Webinar: Peeking into the black box of GROMACS performance (2026-03-17)
Molecular dynamics workloads are notoriously hungry for compute, and every percentage point of efficiency translates into hours saved and bigger science delivered. This webinar opens up the “black box” of GROMACS performance, showing you how to read what the engine is telling you and how to turn that insight into faster, more reliable simulations.

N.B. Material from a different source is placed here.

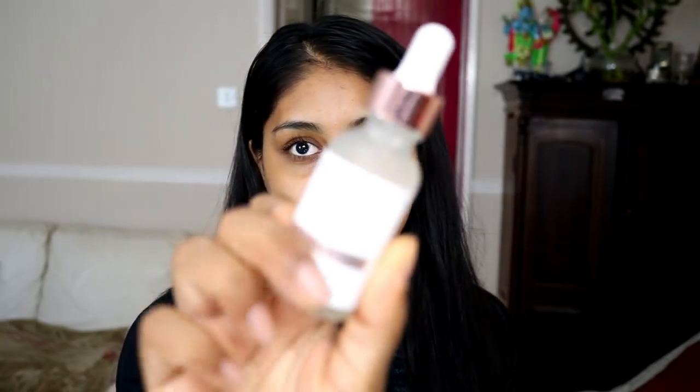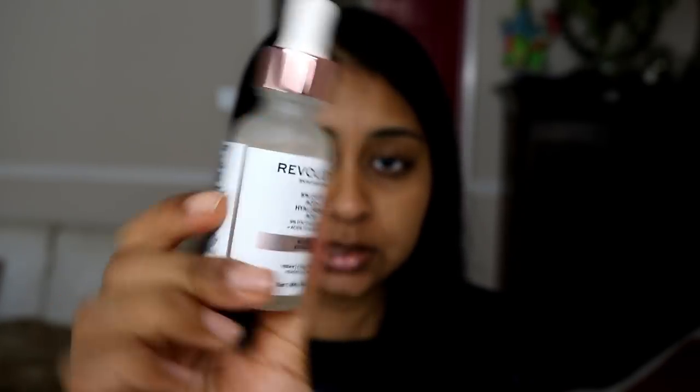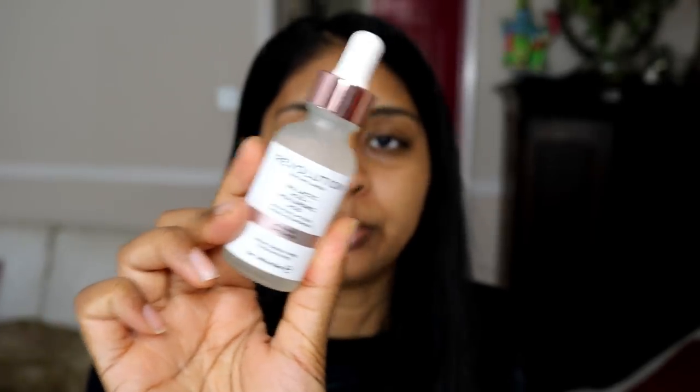The next one is the five percent lactic acid and hyaluronic acid serum. I only tried this once and I really did not like it — it smells off, and that was really off-putting for me, so I didn't want to use it again. They mostly come in this pipette bottle, 30ml each. It's £6 — described as a mild skin exfoliator that helps improve skin texture and encourages radiant, firm skin. But since the Quinoa Night Peel already worked for me, I didn't feel I needed this one.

On March 17, 2026, core GROMACS developers and HPC researchers will walk through practical strategies to boost throughput, demystify performance logs, and connect simulation setup choices with outcomes on real hardware. If you’ve ever wondered why one run flies while another crawls, this session will equip you with the tools to find out—and fix it.
Why this matters
Modern hardware is heterogeneous, with CPUs, GPUs, and complex memory and interconnect hierarchies. GROMACS can exploit these resources brilliantly—but only if your configuration, system properties, and parallelization strategy are aligned. The webinar focuses on the decisions that most influence performance and the evidence in the GROMACS logs that reveals what’s happening during a simulation.
Inside the session
- Interpreting mdrun logs: Learn how to extract the signal from the noise in GROMACS output, identify bottlenecks, and understand the impact of your settings.
- System setup and properties: See how system size, constraints, cutoffs, and electrostatics choices affect scaling and time-to-solution.

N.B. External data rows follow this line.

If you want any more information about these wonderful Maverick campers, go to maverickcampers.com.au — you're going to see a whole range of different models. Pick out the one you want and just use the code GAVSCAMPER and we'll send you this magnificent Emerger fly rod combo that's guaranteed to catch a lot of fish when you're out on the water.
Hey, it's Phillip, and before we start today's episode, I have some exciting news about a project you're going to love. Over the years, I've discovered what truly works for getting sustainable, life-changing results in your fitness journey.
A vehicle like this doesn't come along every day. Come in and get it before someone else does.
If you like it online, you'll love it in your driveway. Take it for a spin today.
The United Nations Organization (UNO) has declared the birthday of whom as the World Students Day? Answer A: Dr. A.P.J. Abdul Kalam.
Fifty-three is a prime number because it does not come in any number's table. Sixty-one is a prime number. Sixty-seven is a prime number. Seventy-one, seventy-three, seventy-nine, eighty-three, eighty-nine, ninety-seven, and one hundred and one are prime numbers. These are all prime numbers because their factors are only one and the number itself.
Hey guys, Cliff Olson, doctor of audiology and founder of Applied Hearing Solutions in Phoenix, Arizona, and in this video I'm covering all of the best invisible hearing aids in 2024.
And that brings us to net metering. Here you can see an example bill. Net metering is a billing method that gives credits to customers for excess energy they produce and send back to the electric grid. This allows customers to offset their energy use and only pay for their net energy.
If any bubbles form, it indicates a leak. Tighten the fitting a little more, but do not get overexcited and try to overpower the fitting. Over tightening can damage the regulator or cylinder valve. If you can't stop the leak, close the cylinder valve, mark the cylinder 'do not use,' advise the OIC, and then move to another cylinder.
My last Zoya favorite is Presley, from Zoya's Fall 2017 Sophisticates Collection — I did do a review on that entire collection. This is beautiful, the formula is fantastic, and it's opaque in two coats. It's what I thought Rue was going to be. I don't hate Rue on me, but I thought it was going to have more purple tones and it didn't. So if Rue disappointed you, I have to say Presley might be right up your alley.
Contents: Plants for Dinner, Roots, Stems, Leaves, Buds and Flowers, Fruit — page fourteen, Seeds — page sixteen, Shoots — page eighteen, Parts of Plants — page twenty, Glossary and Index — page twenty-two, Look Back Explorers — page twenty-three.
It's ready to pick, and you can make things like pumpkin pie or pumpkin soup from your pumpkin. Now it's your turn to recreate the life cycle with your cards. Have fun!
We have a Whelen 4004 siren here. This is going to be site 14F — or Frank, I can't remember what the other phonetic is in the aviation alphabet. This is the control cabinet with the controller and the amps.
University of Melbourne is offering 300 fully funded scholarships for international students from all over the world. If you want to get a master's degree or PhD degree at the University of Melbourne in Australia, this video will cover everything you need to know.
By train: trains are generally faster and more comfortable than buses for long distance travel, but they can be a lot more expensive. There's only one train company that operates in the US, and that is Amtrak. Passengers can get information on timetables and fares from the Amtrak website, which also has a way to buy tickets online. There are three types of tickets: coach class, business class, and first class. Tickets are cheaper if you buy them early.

- Hardware–software interplay: Understand how compilers, MPI, threading, GPU drivers, and runtime parameters interact with the GROMACS execution model.
- Parallelization best practices: Get guidance on domain decomposition, thread/MPI ranks, GPU offloading choices, and load balancing.
- Configuration hygiene: Practical tips for pinning, affinity, precision settings, and I/O to keep your runs stable and fast.
- New GROMACS benchmark suite: An introduction to a standardized framework for assessing and comparing performance across diverse systems.
What you’ll learn
- How to use GROMACS log data to diagnose CPU/GPU utilization issues and communication overheads.
- Which parameters to tweak first for the largest performance gains and how to verify their impact.
- How system characteristics influence strong/weak scaling behavior.
- How to run fair, reproducible benchmarks and compare results across clusters and workstations.
Who should attend
- MD practitioners running GROMACS on workstations or clusters who want faster time-to-science.
- HPC support staff and research software engineers who tune user workloads.
- Students and researchers aiming to build a robust mental model of GROMACS performance.
Speakers
Andrey Alekseenko
Andrey Alekseenko is a researcher at the KTH Center for Scientific Computing (KCSC) at KTH Royal Institute of Technology in Stockholm and a core developer of the GROMACS molecular dynamics engine. His work focuses on performance optimizations across heterogeneous architectures, helping GROMACS make the most of modern CPUs and GPUs while maintaining scientific fidelity.
Szilárd Páll
Szilárd Páll is a researcher at the KTH Center for Scientific Computing (KCSC) at KTH Royal Institute of Technology in Stockholm. He helped reformulate key parallel algorithms in molecular dynamics for modern processor architectures and co-authored the first heterogeneous CPU–GPU parallelization of GROMACS. His recent work centers on efficient asynchronous task scheduling and strong-scaling MD on exascale heterogeneous systems.
Key takeaways
- A clear, repeatable process for analyzing GROMACS performance using mdrun logs.
- Actionable configuration and parallelization techniques that deliver measurable speedups.
- An understanding of how system and algorithmic choices affect scaling on different hardware.
- Access to a new, standardized benchmark suite to evaluate and compare performance.
Event details
Date: March 17, 2026
Format: Live webinar with expert presentations and practical guidance
Whether you run single-node jobs or push the limits of multi-GPU clusters, this session will help you turn GROMACS logs into performance insight—and performance insight into speed.